**Instructions to follow:** All of the data must be returned exactly as given.

>>>

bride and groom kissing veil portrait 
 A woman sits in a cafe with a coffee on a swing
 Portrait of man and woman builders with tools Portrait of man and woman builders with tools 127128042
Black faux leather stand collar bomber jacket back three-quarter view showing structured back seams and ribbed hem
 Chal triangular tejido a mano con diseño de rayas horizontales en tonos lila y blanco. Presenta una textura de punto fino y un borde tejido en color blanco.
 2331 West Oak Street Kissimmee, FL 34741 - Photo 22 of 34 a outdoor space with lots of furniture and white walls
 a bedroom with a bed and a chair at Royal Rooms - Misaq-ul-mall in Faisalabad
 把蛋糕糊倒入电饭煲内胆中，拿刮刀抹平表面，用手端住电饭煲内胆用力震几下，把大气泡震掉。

<<<

**Exercise solution:**
bride and groom kissing veil portrait 
 A woman sits in a cafe with a coffee on a swing
 Portrait of man and woman builders with tools Portrait of man and woman builders with tools 127128042
Black faux leather stand collar bomber jacket back three-quarter view showing structured back seams and ribbed hem
 Chal triangular tejido a mano con diseño de rayas horizontales en tonos lila y blanco. Presenta una textura de punto fino y un borde tejido en color blanco.
 2331 West Oak Street Kissimmee, FL 34741 - Photo 22 of 34 a outdoor space with lots of furniture and white walls
 a bedroom with a bed and a chair at Royal Rooms - Misaq-ul-mall in Faisalabad
 把蛋糕糊倒入电饭煲内胆中，拿刮刀抹平表面，用手端住电饭煲内胆用力震几下，把大气泡震掉。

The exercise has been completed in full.